尝试确定单个架构的最佳小芯片划分已经非常具有挑战性，但是当人们想要同时优化多个架构的划分，同时最大限度地减少必须流片的独特小芯片的数量时，设计空间就会增加。
Research problems: Developing techniques, tools, and methodologies to guide architects and designers to partition and find integration technologies.

4.2 Interconnect Infrastructure 互连基础设施

Reseach topic: exploring how to effectively interconnect everything in a scalable, performant, and energy-efficient manner that also provides easy inter-operability and modularity among the chiplets. This area includes a range of “Network on chip”(NoC) topics, and generalizing 3D and to negotiate a geterogeneous set of interfaces.
Software can potentially allocate and place data in more convenient locations within the package, schedule processing task to be co-located near data sources, pre-schedule any neccessary data movement to reduece congestion phenomena, and partition workloads across different computational resource(chiplets).
Hardware-software co-design can relax the requirements of some portions of interconnect architecure, perhaps allowing some chiplets to be integrated with simper or more cost-effective technologies.
Another research topic is on designing protocols to support easy interoperability and modularity of many diverse chiplets. Such as UCIe. Providing standard interfaces and approaches for security, power management, memory management, virtualization, boot-up and chiplet discovery, debug, profiling and telemetry, error reporting…

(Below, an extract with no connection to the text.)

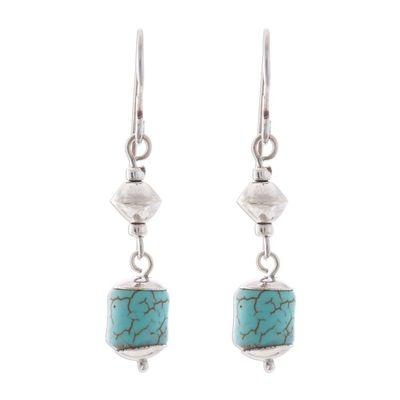 Alternate image for Sterling Silver and Recon Turquoise Dangle Earrings Brilliance of the Ocean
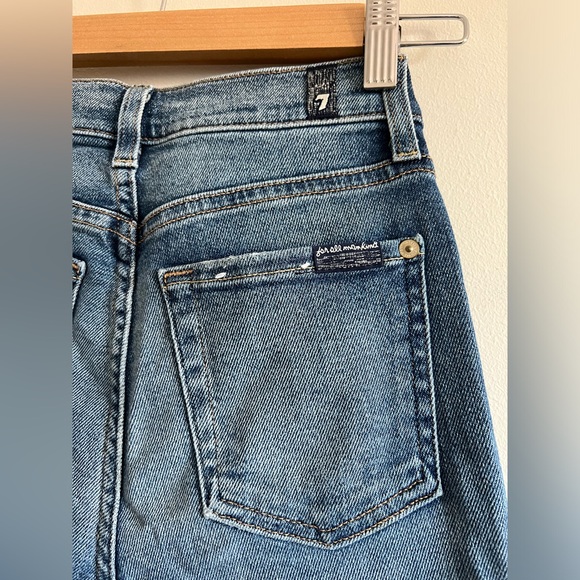 7 FOR ALL MANKIND High Waist Ankle Skinny | Shimmer Stripe | Size 24 - Picture 6 of 14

4.3 Power Delivery and Thermals 电源输送和热量

软硬件协同设计，安排chiplets如何工作，避免在一个区域集中过多，会导致配电负担过重。
热量散热具有挑战性，3D堆叠导致热量被困在较小的区域，对软件协同设计的研究可能是一种有效的方法，可以通过整个包内不同计算资源的智能调度和工作安排来减少热挑战的严重程度。
在小芯片的 3D 堆栈中，电力传输和散热提供了动态张力，这使得确定堆栈各层之间的最佳堆栈组织和/或工作布局具有挑战性。计算最密集、功耗最高的工作倾向于放置在堆栈的底部小芯片上，以最大限度地提高电力传输的质量和可靠性。然而，就散热而言，堆叠底部的放置可能是最差的地方，因此对电力传输或热量的优化往往对另一个而言不是最佳的。

4.4 Reliability 可靠性

虽然这种方法的计算前景在性能和能源效率方面可能很有吸引力，但它可能会在可靠性、可用性和可服务性 (RAS) 方面带来新的挑战。如果包内发生故障，可能会导致包内一个或多个组件的功能丧失。如果故障是暂时的，则可能表示软件包内系统的可用性可能会降低。然而，如果故障是永久性的并且无法修复、禁用或解决，则可能会导致必须丢弃整个封装，其中可能包括大量其他功能硅。
先进的封装和堆叠同样会导致潜在的可维护性降低，因为传统上可能位于封装外部（因此更容易维护或更换）的组件现在可能紧密集成在封装内部，而无法再访问它们。

4.5 Software 软件

A highly chipletized and heterogeneously-integrated system presents additional opportunities for software research.
An important open problem is in determining an effective hardware-software interface to expose, describe, program, and manage all of the components and their relationships.
1. The low-level software layers(operating system, hypervisor)needs to enumerate all of the different types of chiplets and compute resources as well memory components.
2. To manage performance, job scheduling, and data placement, the software also need some way to learn about and understand the characteristics of the interconnect interfaces betweenn the components and the overall interconnect topology.
3. Silicon Cityscape 可能需要向软件层提供运行时监控功能，例如报告性能和利用率统计数据、内存行为、功耗、热状况、可疑的安全活动等。
在用户和程序员层面，需要进行额外的研究来开发工具、编译器、编程模型、框架等，以有效地将更高级别的问题和算法映射到特定 Silicon Cityscape 包提供的底层硬件功能。

V. CONCLUSIONS

The opportunities are immense for transformational research across disciplines and vertically throughout the hardwarr-software-application stack.